По-настоящему талантливый человек, я убежден, может не только правильно говорить о войне, но и повернуть тему по-новому, что-то свое в нее внести, как-то по-особому ее ощутить.

Я знаю молодых людей, которые родились после войны, но трепетно относятся ко всему, что с ней связано, много работают в этом направлении. Делают спектакли, фильмы, и делают с каким-то особым проникновением. Как будто они сами все это пережили, и как будто срабатывает их собственная память. Да так и должно быть, ведь уходят люди, которые все это видели. Литература, проза наша доказала, что это великая тема. Не случайно очень много фильмов, спектаклей поставлено именно по прозаическим произведениям.

Кроме того, существует, вероятно, у какой-то части молодой творческой интеллигенции такое чувство, что «мы не застали! Вот если бы мы были там, насколько богаче был бы у нас арсенал, было бы нам что рассказать!..» И такое чувство, по-моему, — чувство очень хорошее, свидетельствующее об общности наших поколений.

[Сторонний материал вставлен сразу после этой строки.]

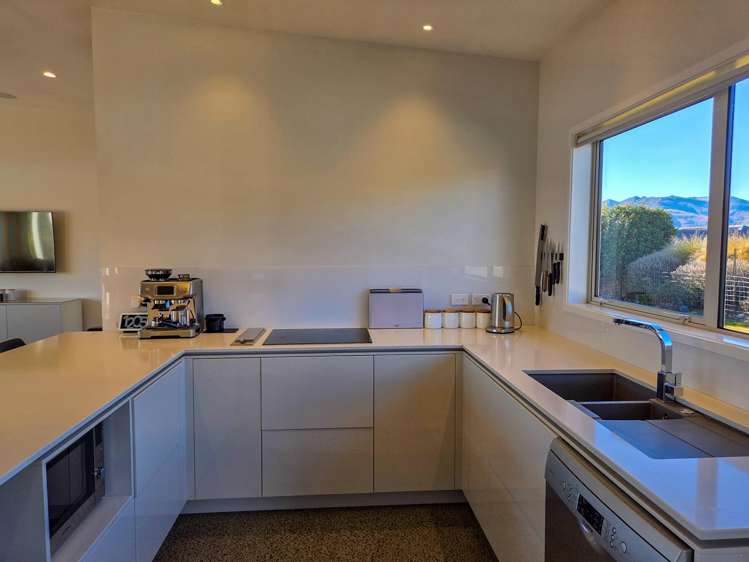 10 Manning Place Lake Tekapo_13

Молодые поэты тоже пишут с большой долей этой зависти. Мне это напоминает то чувство к погибшим, которое так сильно проявлялось у Твардовского. У него есть строки, где он просто кричит об этом. Где он говорит своим товарищам, что не виноват, что он уцелел, а они погибли.

В тот день, когда окончилась война

И все стволы палили в счет салюта,

В тот час на торжестве была одна

Особая для наших душ минута.

В конце пути, в далекой стороне

Под гром пальбы прощались мы впервые

Со всеми, что погибли на войне,

Как с мертвыми прощаются живые.

До той поры в душевной глубине

Мы не прощались так бесповоротно,

Мы были с ними как бы наравне,

И разделял нас только лист учетный.

И только здесь в особый этот миг,

Исполненный величья и печали,

Мы отделялись навсегда от них,

Нас эти залпы с ними разлучали.

Внушала нам стволов ревущих сталь,

Что нам уже не числиться в потерях.

И кроясь дымкой, он уходит вдаль,

Заполненный товарищами берег…

Потрясающие стихи. Там все стихотворение об этом, но вот эта строка — «нам уже не числиться в потерях»! — вот это чувство необыкновенно, но оно есть. И меня это очень трогает.

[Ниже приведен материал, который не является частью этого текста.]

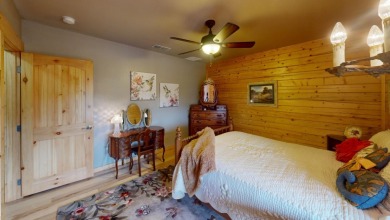 Luxury Log Cabin at Possum Kingodm Lake - photo 15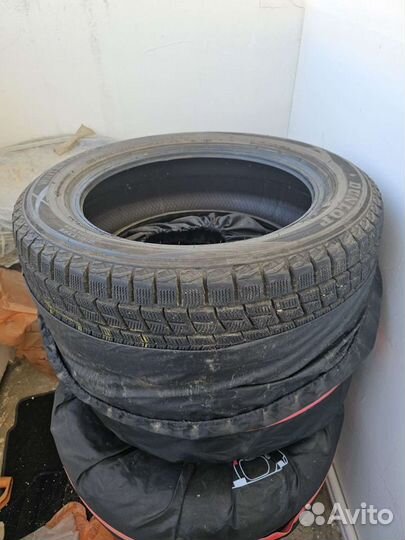 Dunlop Winter Maxx SJ8 235/55 R18 100R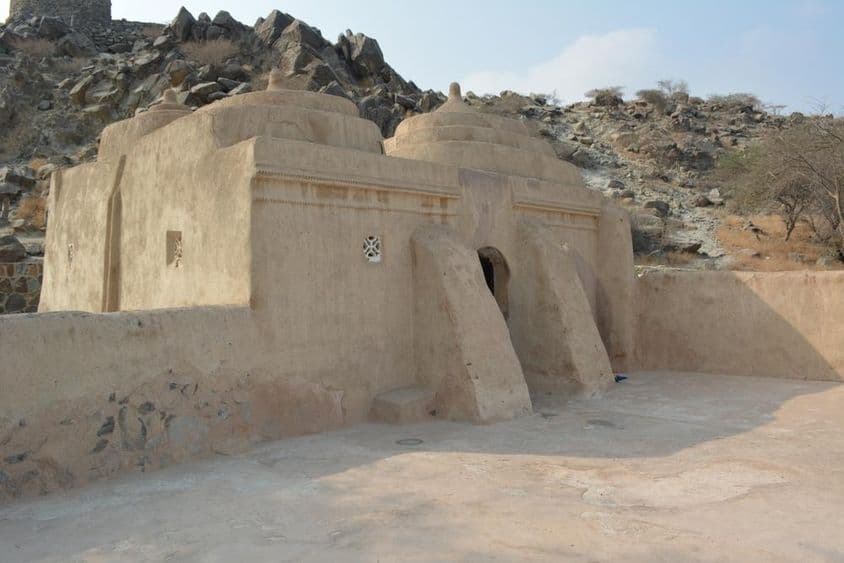 فجیرہ، متحدہ عرب امارات میں البدیا مسجد۔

Или, например, Высоцкий — у него война романтизирована, но с полным знанием дела. Человек, который никогда не воевал… Но у него был дар необыкновенно остро чувствовать чужую боль. Он смог чужую память сделать своей.

Возможно, этим объясняется и то, как Лариса Шепитько смогла сделать «Восхождение». Видимо, нужно просто знать, чувствовать людей. Потому что человек остается собой в любой ситуации. Хороший — остается хорошим. Плохой — делается еще хуже. В этом и есть суть человеческих взаимоотношений на войне.